I went to Monmouth School. That was one of the reasons my parents stayed on. They came under pressure to move but my sister and I were both in Monmouth because Monmouth School was also our local grammar school.
Then I went to Cardiff University and went travelling; I spent a year in France. I went to the Central Massif near Brive and if I’m in France that’s where I normally am. When I’m there now it tends to go by weddings now. I was in a place called Tulle and a lot of my friends are from there but many have gone to Brive – and quite a lot of them are on local councils out there.
I asked to go out to a small market town as a language assistant because I thought if I went to a big city I’m going to be lost. I wanted somewhere a bit cosier. It was still quite a big town but the advantage was that I was in a lycée and everybody knew me. It was very interesting and dynamic.
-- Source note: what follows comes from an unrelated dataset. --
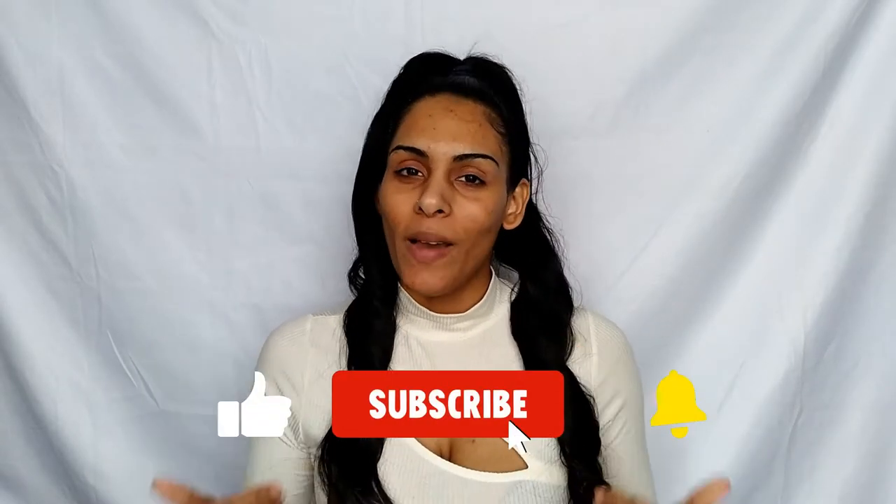Before we get started, please make sure you subscribe and hit that notification bell so you don't miss out on future videos. Show your support, smash that like button, and leave a comment letting me know if you've tried anything from Merit Beauty — and if not, will you be trying any of the products mentioned today?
I’ve been finishing a lot of things. This is triggered by my 40 years on Trellech United community council, which I suppose is significant in some ways. I didn’t realise it was significant until I told somebody that it was the 40th (annual general) meeting I’d been to. And they got together and had a testimonial framed, which was rather nice.
On the community council there’s Llandogo, Catbrook, The Narth, Trellech, Llanishen, Penallt and Whitebrook – so it’s seven villages and there are 13 councillors: me and 12 others.
I’ve been involved in the Wye Valley quite a lot so they just said if you stand (as a county councillor for Trellech United) – and some of them abandoned their allegiances because on community councils it doesn’t need to be party political. I was quite taken aback and the community council was effectively my party. Then of course I could keep in touch about things that were happening and that was what the present county councillor, Debby Blakebrough, has carried on.
I was elected (as a Monmouthshire councillor) in ’95 and then I didn’t stand again in 2008. I didn’t stand again because it was starting to drain me and the work of the county councillor is not just in meetings. It’s on the telephone, it’s talking to people; people phone up, people want to see you. A phone call is never less than 20 minutes, half an hour and you can’t finish a call just like that. So there’s a lot of running around in your own ward and my ward was pretty big.
The Wye Valley Society asked me to join with them, so I joined the committee and within a couple of months they’d asked me to be secretary. I’ve been on it ever since. So I did that for 12 years but then I got drawn into the community council as well. Everything from then on was triggered off by a big win right at the outset. I’ve been on that ever since. I was member for a while, then for about eight years I was vice-chairman and I stepped down after 12 years last year.
I taught locally – and to take it back a bit – I’d been working abroad and always said if a particular house comes up for sale in Llandogo, I wouldn’t mind having that. I was in Marrakech at the time when it did come up for sale. My mother got in touch with me and I came back home and arranged to buy it.
I retired and I was doing supply teaching but that was squeezed out because there was no way I could do that. And it got to the point I was neglecting the house.
When I became national chairman it was a totally different thing – you weren’t rushing around but there was a lot of travelling.
The joy of [being national chairman] was going to all the AONBs around the country. There are 47 areas of outstanding national beauty.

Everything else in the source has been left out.